[Date Prev][Date Next][Thread Prev][Thread Next][Date Index][Thread Index]

RE: [Condor-users] condor_rm not killing subprocesses




I'm a little confused by your note of no operating system support.  I
have indicated a reliable way of finding these processes, at least on
Linux. I now only seek some way of having Condor use this method, even
if it means wrapping the condor executables.

If you are using the dynamically linked Condor executables you could always write your own replacement signalling functions, put them in a library and use LD_PRELOAD to have your library handle Condor's kill signals. That's a non-trivial amount of work, of course, but it would do it.


Alternatively, you could (using the USER_JOB_WRAPPER feature) arrange for a process to start up that ptraces the user's job's main process, and, when it dies, sends a kill signal to all its children. That is also a bit nasty to implement, and there are various edge-cases you need to consider.

A simpler solution is to use either the system cron facility or Condor's STARTD_CRON facility to run a job once a minute that checks to see if a Condor job is supposed to be running; if so it exits - if not, it looks for any stray child processes and kills them. That's what we do here. Of course, you run into problems if Condor starts another job within a minute of the previous job finishing...

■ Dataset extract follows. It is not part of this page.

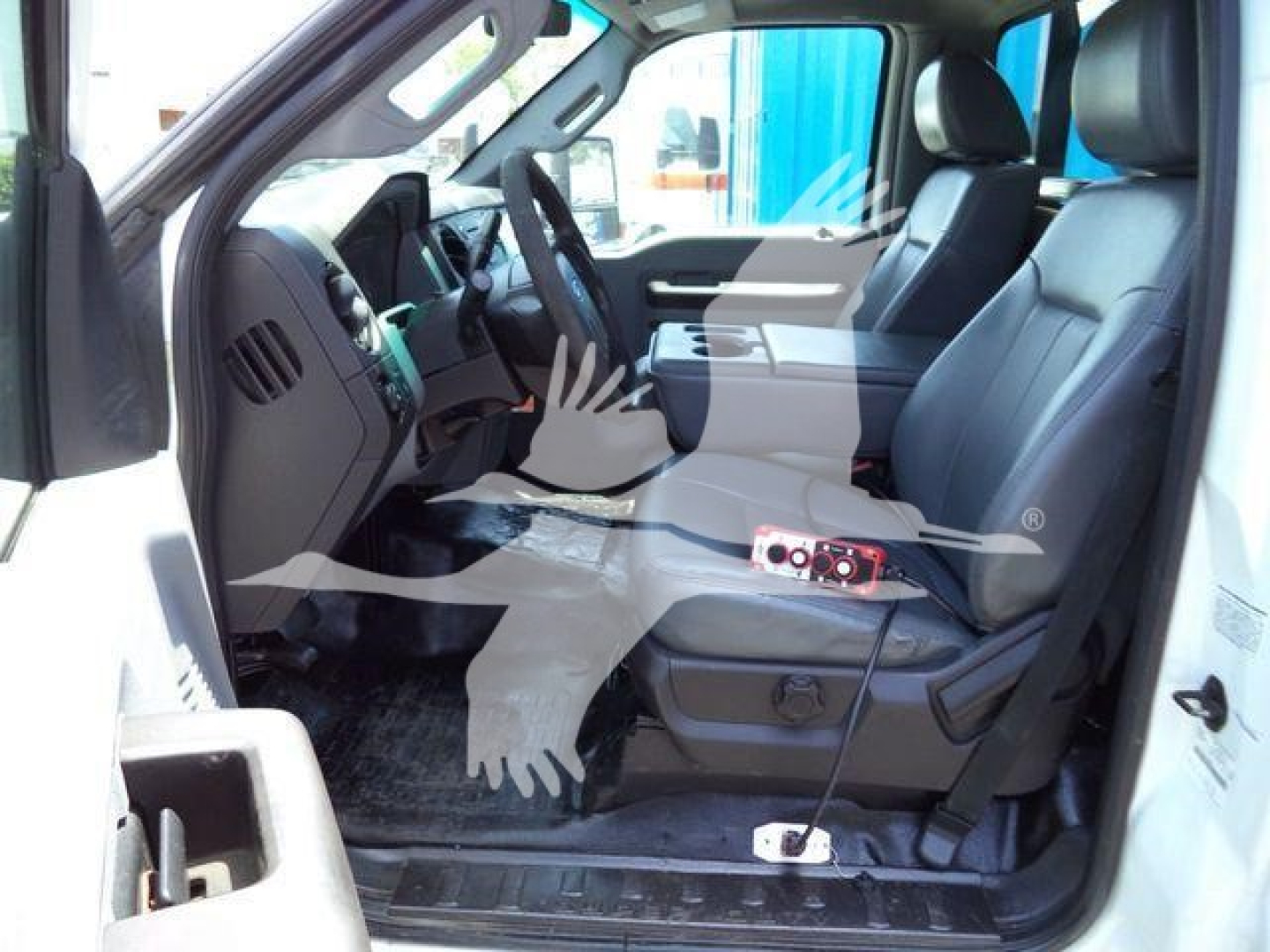 Ford F-550 truck interior front seat view showing driver and passenger seats, steering wheel, center console, and floor mats.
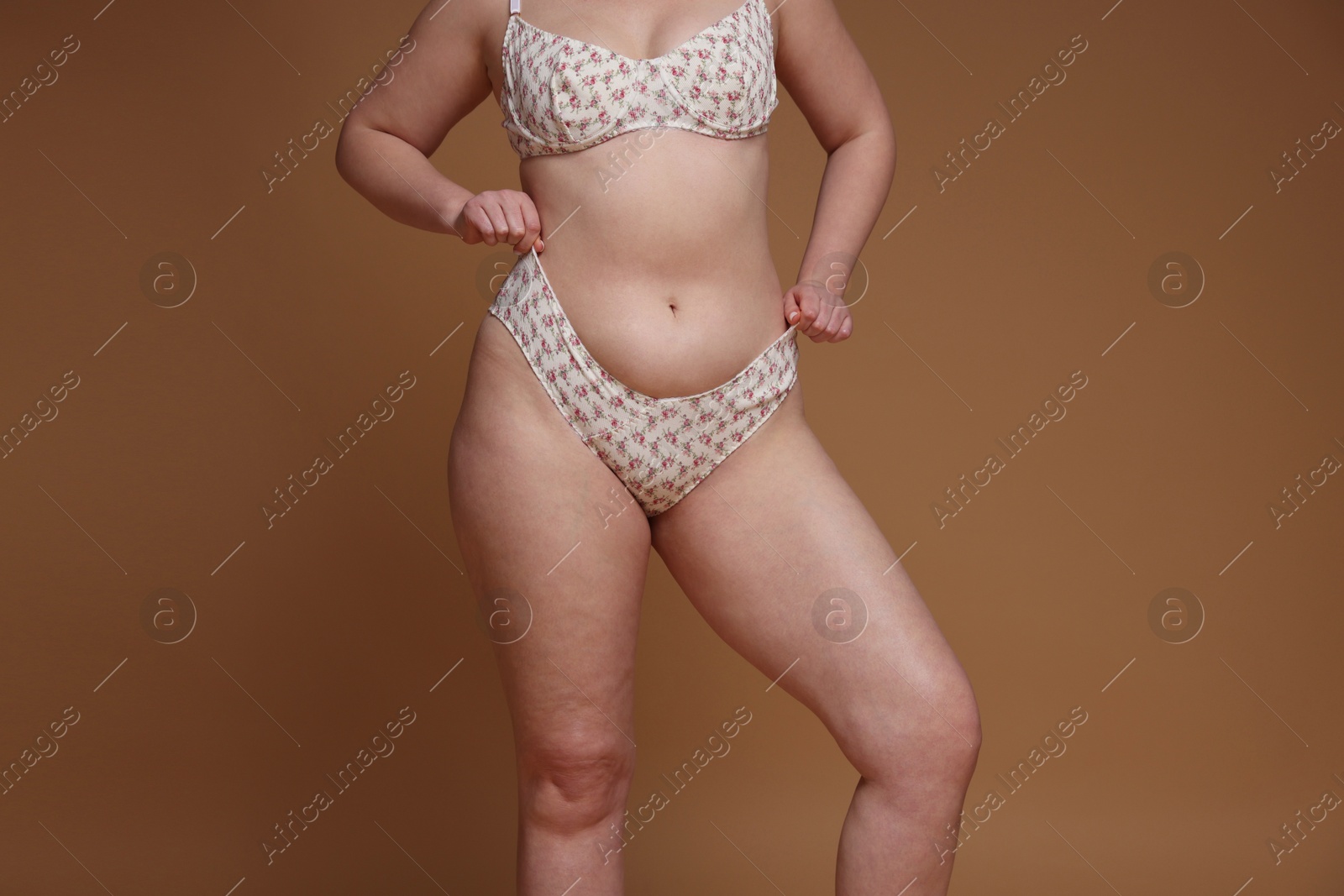 Photo of Woman with cellulite on dark beige background, closeup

Perhaps the simplest solution (using the USER_JOB_WRAPPER feature) is to have a wrapper that kills any stray processes left behind by the previous job when a new job starts. That assumes that all jobs run under the same UID, of course, or else you have to get clever with something like sudo or userv (*) or sud (**). But if all jobs run under the same UID, you might as well use dedicated user acoounts as I mentioned in my previous reply.

(*) http://www.chiark.greenend.org.uk/~ian/userv/
(**) http://sud.sourceforge.net/

For reference (in the 6.6 series):

	USER_JOB_WRAPPER: http://www.cs.wisc.edu/condor/manual/v6.6/3_3Configuration.html#9119

	STARTD_CRON: http://www.cs.wisc.edu/condor/manual/v6.6/3_3Configuration.html#8744

Hope that is of some use/interest,

	-- Bruce

--
Bruce Beckles,
e-Science Specialist,
University of Cambridge Computing Service.